Beginning with the first line, retype exactly the records below up to and including the line with "Golden Designs Vittoria"; pictures do not belong in the copy.

[Data excerpts]
....................
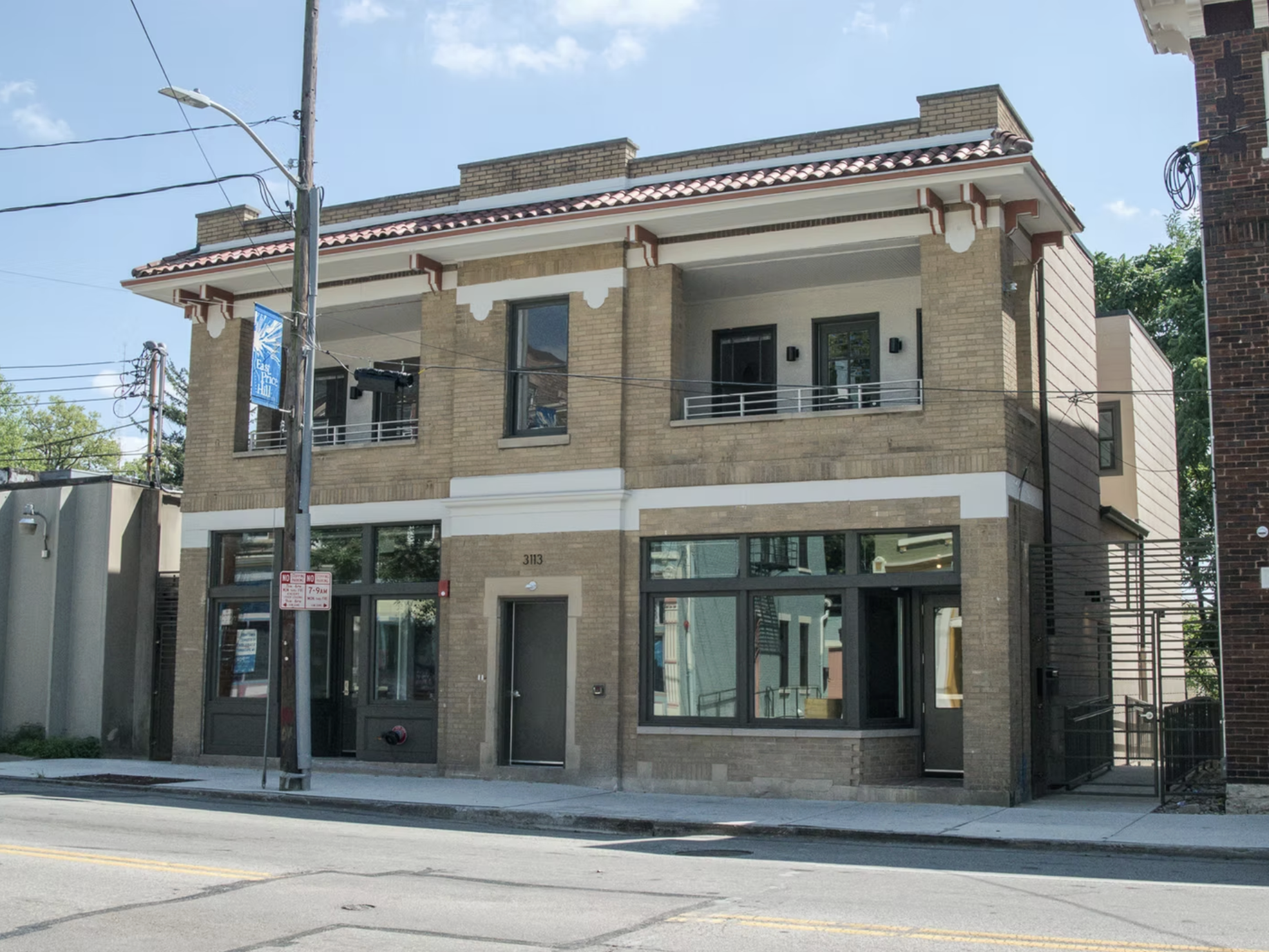 A three-story modern building made of brick and large windows, situated on a city street with utility poles and wires in front. The building has a small second-floor balcony with a metal railing.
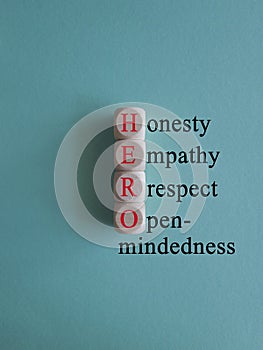 HERO honesty empathy respect open-mindedness symbol. Concept words HERO honesty empathy respect open-mindedness on wooden cubes,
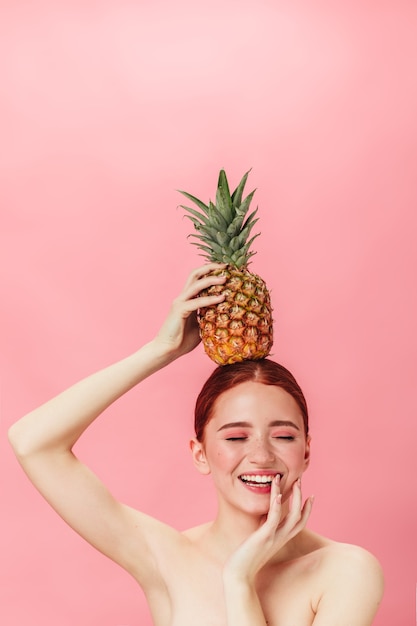 Menina nua com abacaxi, sorrindo com os olhos fechados. Foto de estúdio de gengibre jovem segurando frutas exóticas.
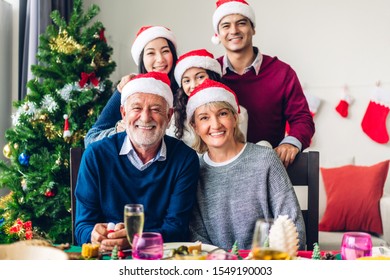 Portrait Of Happy Big Family Celebrating Santa Hats Having Fun And Lunch Together Look At Camera And Enjoying Spending Time Together In Christmas Time At Home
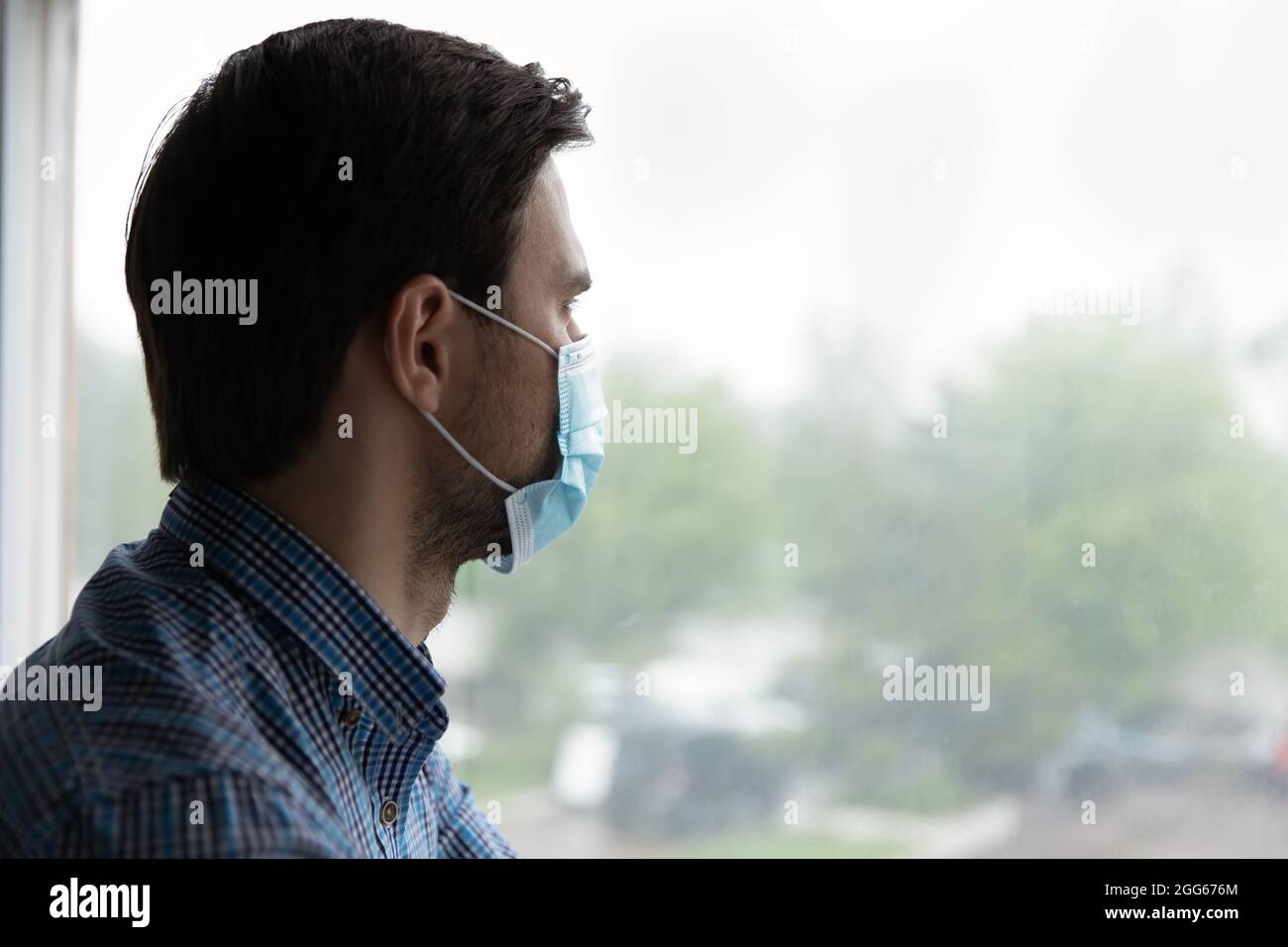 Uomo premuroso e depresso che guarda fuori dal finestrino con speranza Foto Stock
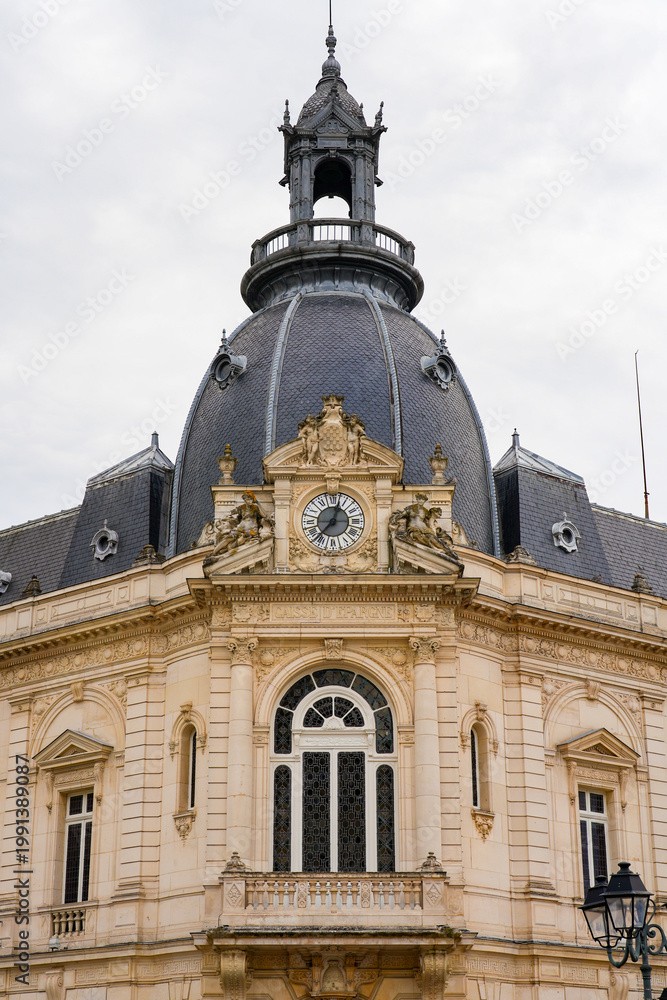 Fototapeta premium Elegant 19th-century Beaux-Arts building with a grand imperial dome, ornate clock, and stone carvings in Dreux, France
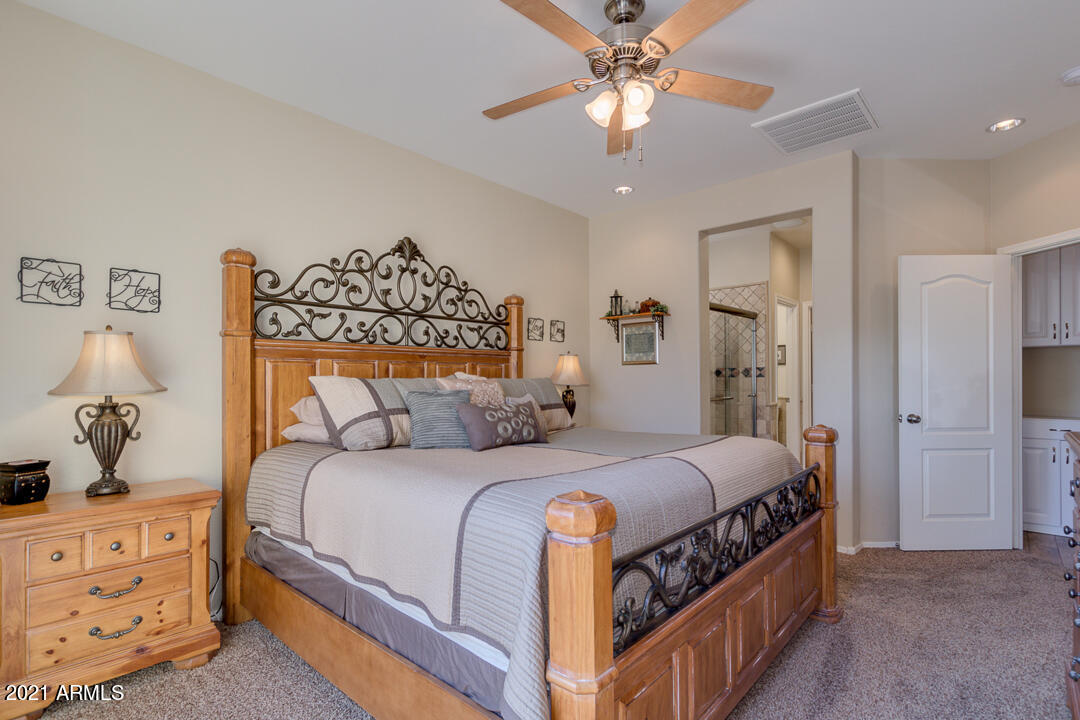 3763 East Larson Lane Gilbert, AZ 85295 - Photo 20 of 40 a bedroom with a bed and a chandelier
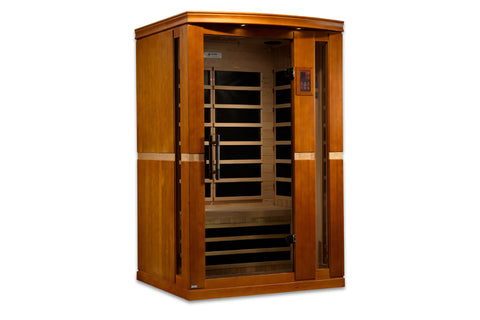 Golden Designs Vittoria 2-person infrared sauna with honey-colored wood exterior, glass door, and wooden bench seating inside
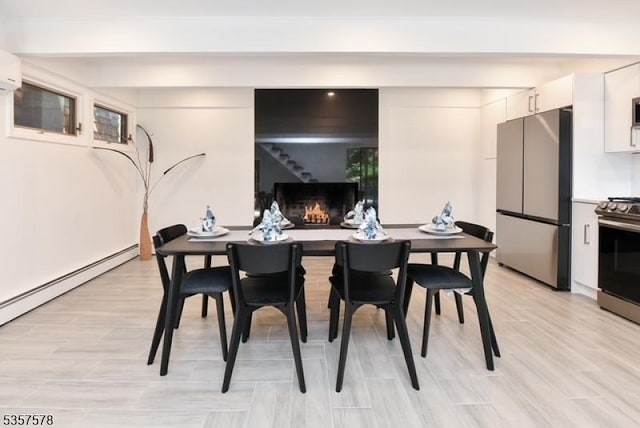 203 Stanhope Rd, Sparta Twp, NJ 07871 - dining area featuring light wood finished floors, a baseboard radiator, and a warm lit fireplace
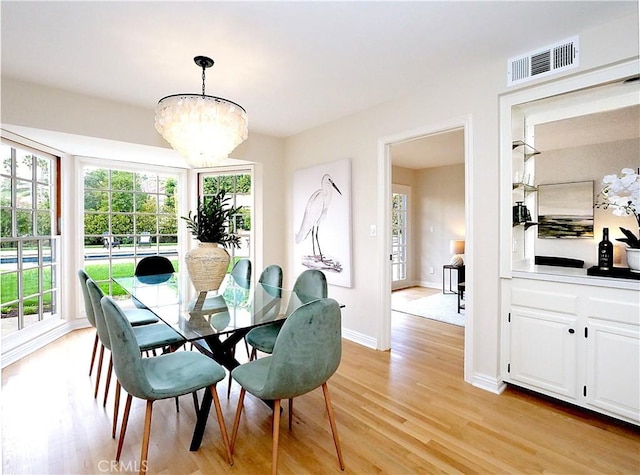dining area featuring visible vents, a healthy amount of sunlight, and light wood-type flooring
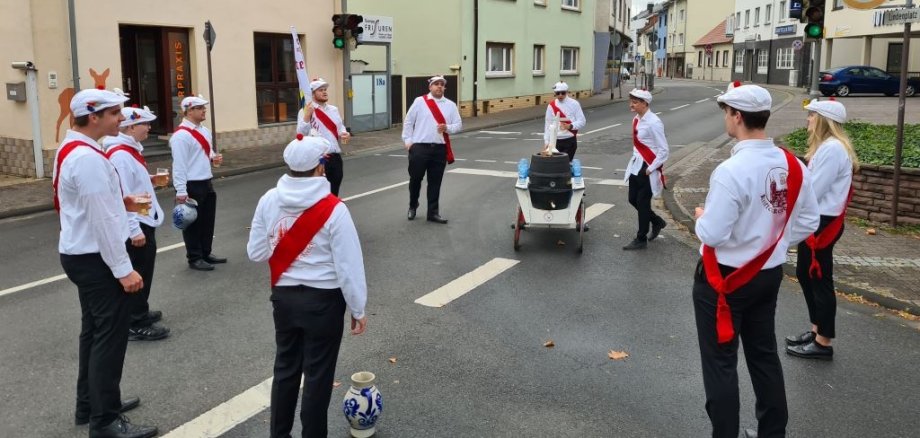 Die Kerbeburschen stehen im Kreis vor der Linde. Rundherum ist es menschenleer.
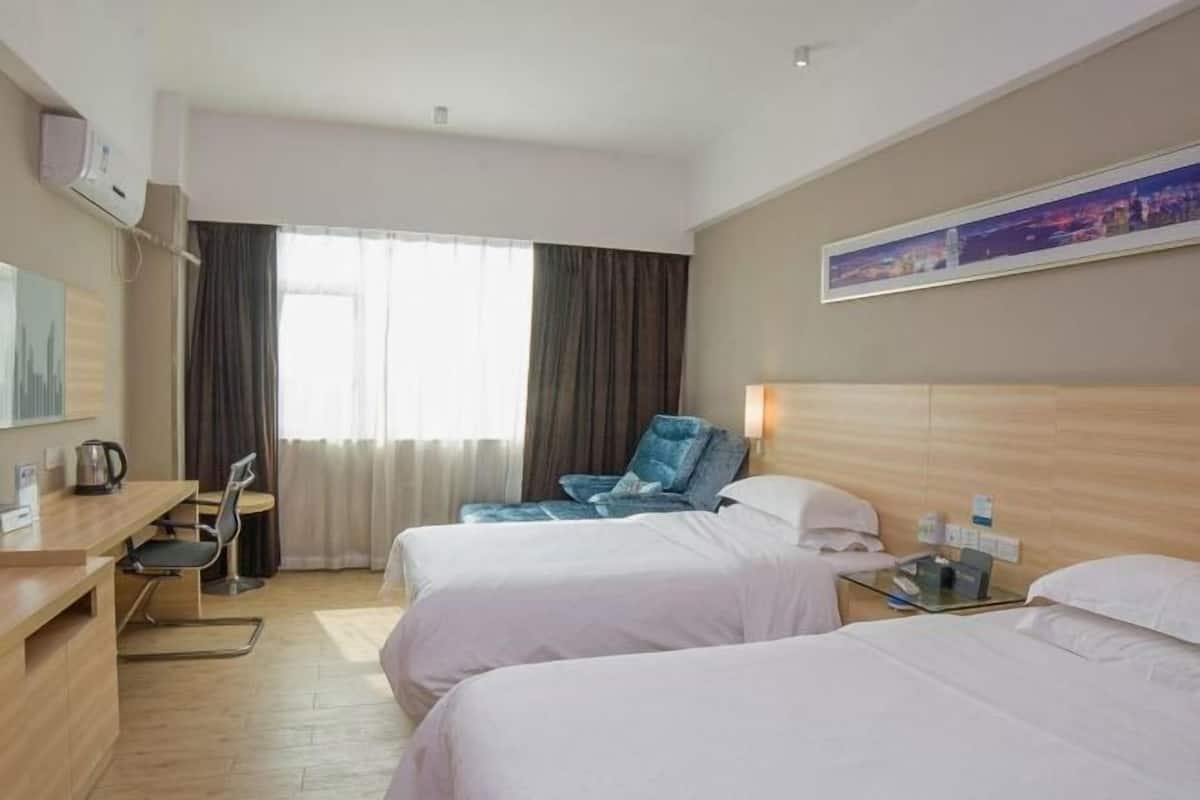 Une chambre d’hôtel avec deux lits, un bureau avec une chaise, une machine à café, une chaise et un tableau au mur.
....................
- Answer box
 A three-story modern building made of brick and large windows, situated on a city street with utility poles and wires in front. The building has a small second-floor balcony with a metal railing.
 HERO honesty empathy respect open-mindedness symbol. Concept words HERO honesty empathy respect open-mindedness on wooden cubes,
 Menina nua com abacaxi, sorrindo com os olhos fechados. Foto de estúdio de gengibre jovem segurando frutas exóticas.
 Portrait Of Happy Big Family Celebrating Santa Hats Having Fun And Lunch Together Look At Camera And Enjoying Spending Time Together In Christmas Time At Home
 Uomo premuroso e depresso che guarda fuori dal finestrino con speranza Foto Stock
 Fototapeta premium Elegant 19th-century Beaux-Arts building with a grand imperial dome, ornate clock, and stone carvings in Dreux, France
 3763 East Larson Lane Gilbert, AZ 85295 - Photo 20 of 40 a bedroom with a bed and a chandelier
 Golden Designs Vittoria 2-person infrared sauna with honey-colored wood exterior, glass door, and wooden bench seating inside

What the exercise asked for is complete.